━━━━━ Information shown
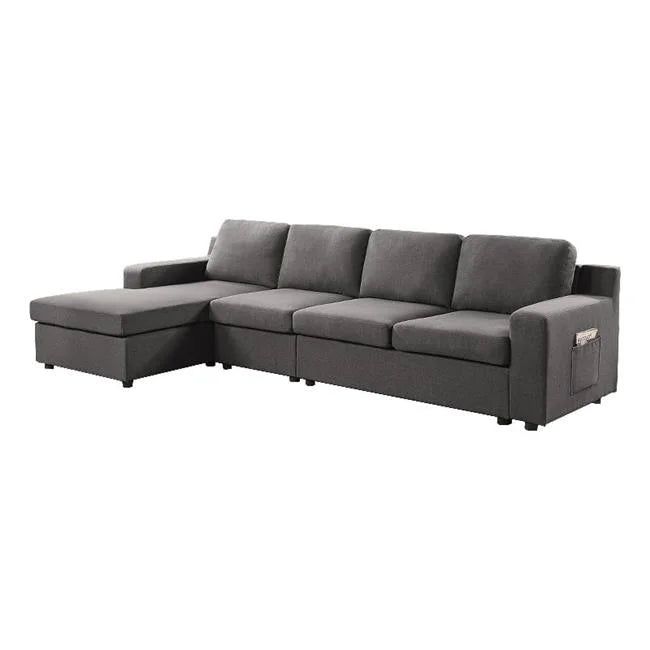 Gray L Shape Sectional Sofa with Left Arm Chaise I7845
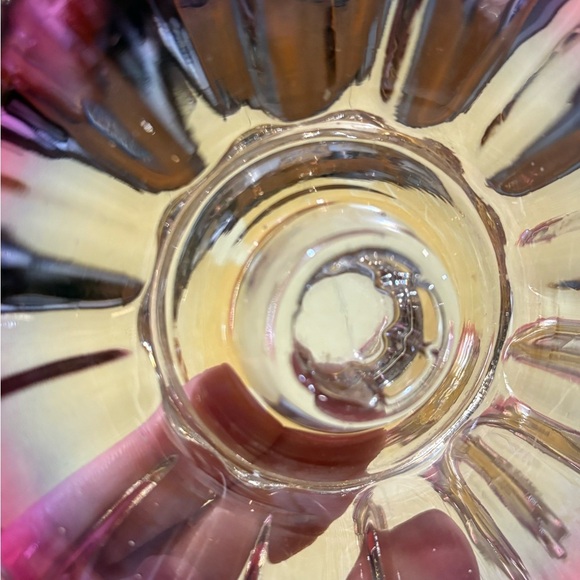 Vintage Federal Glass Pink and Gold Candle Holders - Picture 4 of 7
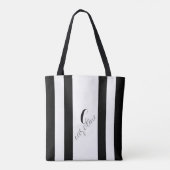 Tote Bag Noir et blanc Élégant Vertical strié (Dos)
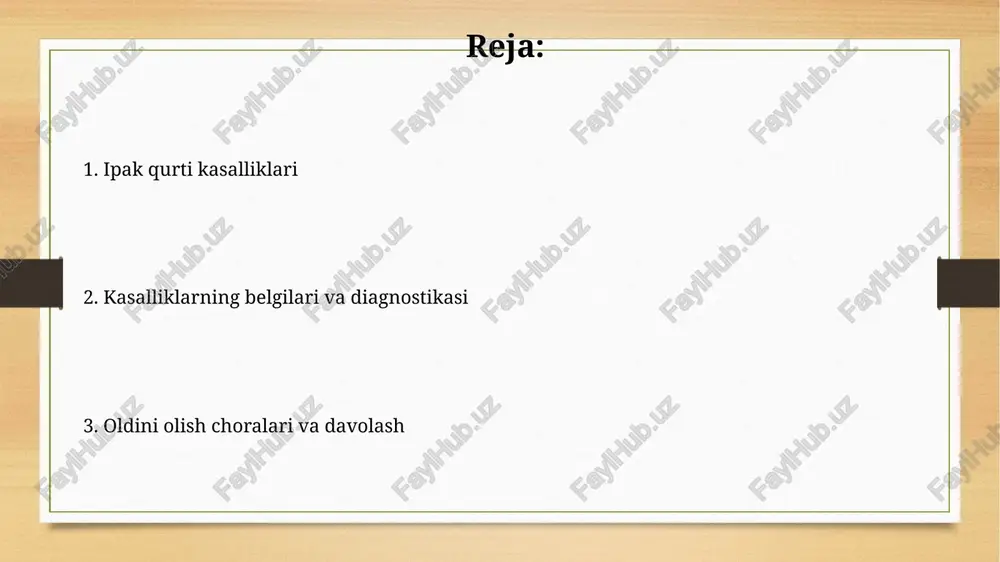 ahasi yo'qoladi va najasi suyuq holatga keladi, 50-80% gacha o'lim kuzatilishi mumkin. kasallikning oldini olish uchun ipak qurtlarini toza muhitda saqlash, haroratni 24-28 °c da ushlab turish, 80% namlikni ta'minlash va formaldegidning 2% eritmasi bilan dezinfeksiya qilish muhim. oq dog' kasalligi oq dog’ kasalligi zamburug’lar (asosan beauveria bassiana) tufayli kelib chiqadi va tut ipak qurti lichinkalarining terisida oq, changsimon dog’lar paydo bo’lishi bilan xarakterlanadi. infektsiya tarqalishini kamaytirish uchun inkubatsiya xonalarida haroratni 24-26 °c darajasida ushlab turish va namlikni 75-80 % gacha nazorat qilish muhim, shuningdek, tozalikni saqlash kerak. ipak qurtlarining zamburug'li kasalliklari aspergillyoz, ayniqsa aspergillus flavus zamburug'i, ipak qurtlarining tuxumlarida 20-25% gacha nobud bo'lishiga sabab bo'ladi, bu esa xavfli oqibatlar keltirib chiqarishi mumkin. muscardin kasalligi, jumladan oq muscardin (beauveria bassiana) va yashil muscardin (metarhizium anisopliae) kabi zamburug'lar, qurtlarning 30-40% gacha o'limiga olib kelishi mumkin. ipak qurtlarining bakterial kasalliklari streptokokkoz - bu bakterial kasallik bo'lib, unda ipak qurtlari tana qobig'ida qonli …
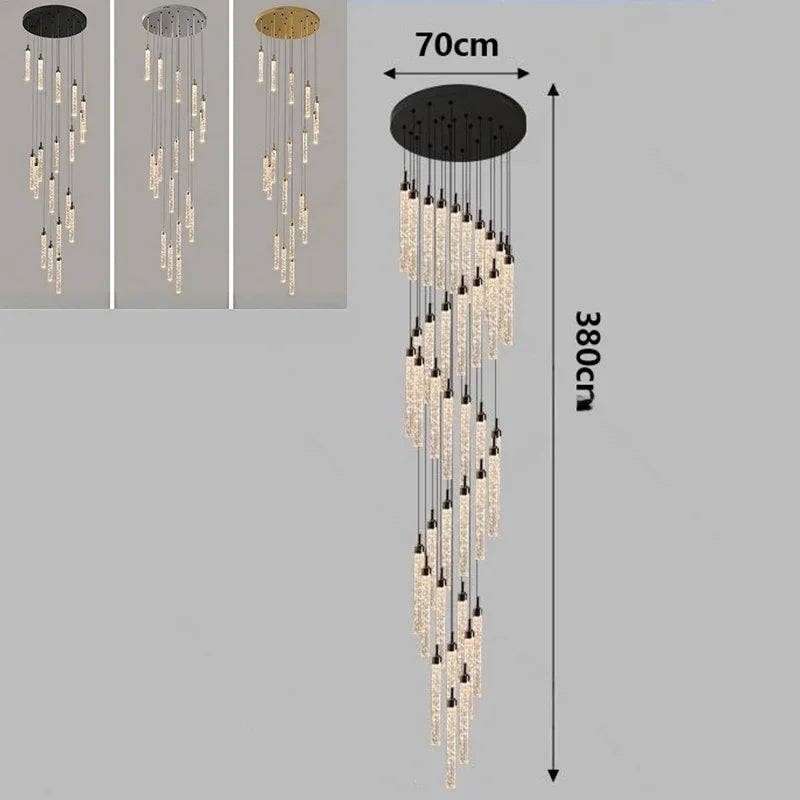 Nordic Minimalist Crystal Chandeliers Staircase Chandeliers Ceiling Lights Loft Double-Floor Rotating Minimalist Pendtant Lamps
━━━━━━━━━━
Your assignment:
Starting with the line above that holds "Vintage Federal Glass", restate each line word for word up to and including the line that holds "Tote Bag Noir". Drop the pictures.

Your solution:
 Vintage Federal Glass Pink and Gold Candle Holders - Picture 4 of 7
 Tote Bag Noir et blanc Élégant Vertical strié (Dos)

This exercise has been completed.